- Interactive map of the Peduase Presidential Lodge area

General information
- Type: Presidential retreat / state guest accommodation
- Architectural style: Modernist / colonial-era institutional resort
- Location: Peduase, Akuapim South Municipal District, Eastern Region, Ghana
- Coordinates: 5°48′16″N 0°10′53″W﻿ / ﻿5.804435°N 0.181292°W
- Current tenants: President of Ghana, visiting dignitaries
- Completed: 1959
- Client: Government of Ghana
- Owner: Government of Ghana

Technical details
- Floor count: 4
- Grounds: (approx. figure not published)

Design and construction
- Architect: (not publicly documented)

Other information
- Facilities: Library, swimming pool, theatre complex, guest suites

= Peduase Presidential Lodge =

Peduase Presidential Lodge is a state residence and retreat located in Peduase on the Akuapem Ridge near Aburi in Ghana's Eastern Region. Completed in 1959 during the presidency of Kwame Nkrumah, the lodge has served as a holiday residence for presidents and a venue for national meetings.

==History==
===Conception and construction===
The lodge was conceived to provide a hill‑top retreat for the head of state, offering cooler climate conditions than Accra and promoting development in the surrounding region. Construction was completed in 1959 under Nkrumah's government.

===Use by presidents===
During Ghana's Second Republic and Third Republic, it served as the official temporal residence for presidents such as Edward Akufo-Addo and Hilla Limann.
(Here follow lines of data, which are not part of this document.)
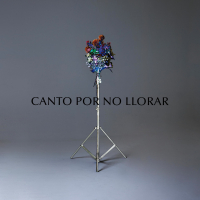 Canto por No Llorar (Single)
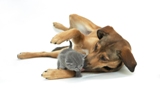 AGILA kennt die beliebtesten Tiernamen für Hund und Katze AGILA kennt die beliebtesten Tiernamen für Hund und Katze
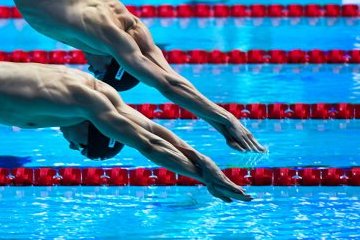 Московская область: Подмосковные спортсмены завоевали 15 медалей чемпионата мира по водным видам спорта Московская область: Подмосковные спортсмены завоевали 15 медалей чемпионата мира по водным видам спорта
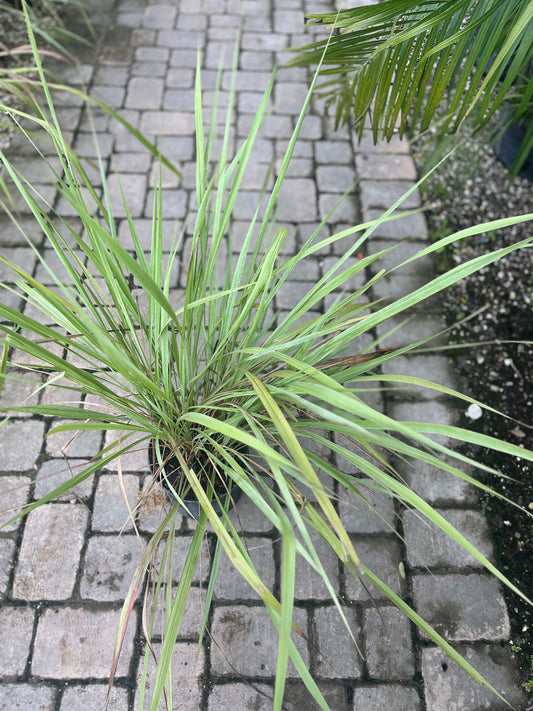 Fakahatchee Grass-3gallon CUSTOMER APPRECIATION SALE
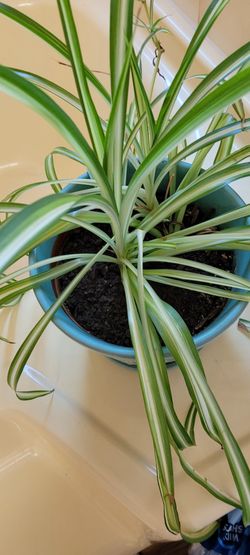 Spider Plant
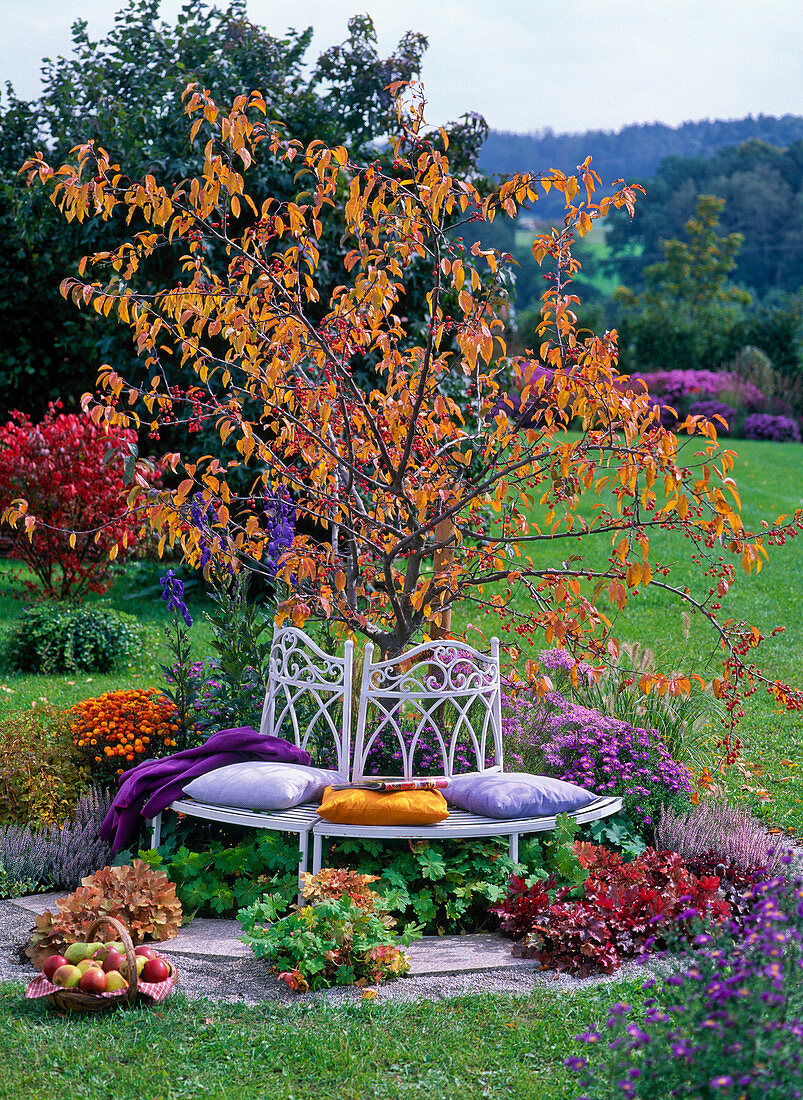 White metal bench in front of Malus (ornamental apple), tree in autumn color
=== Decline and rehabilitation ===
By the early 2000s, the lodge fell into disrepair, with infrastructure deteriorating due to lack of maintenance. A major rehabilitation programme was launched by the government in the mid‑2000s.

=== Modern usage ===
The lodge continues to host presidential retreats, cabinet meetings, and state events.

== Architecture and facilities ==
Peduase Presidential Lodge is a four‑storey building situated on a ridge with panoramic views. Facilities include guest suites, a library, a theatre complex, and indoor/outdoor recreational spaces such as a swimming pool.

== Land and compensation issues ==
In 2004, the Government of Ghana pledged compensation to landowners whose property was acquired for the lodge and associated projects.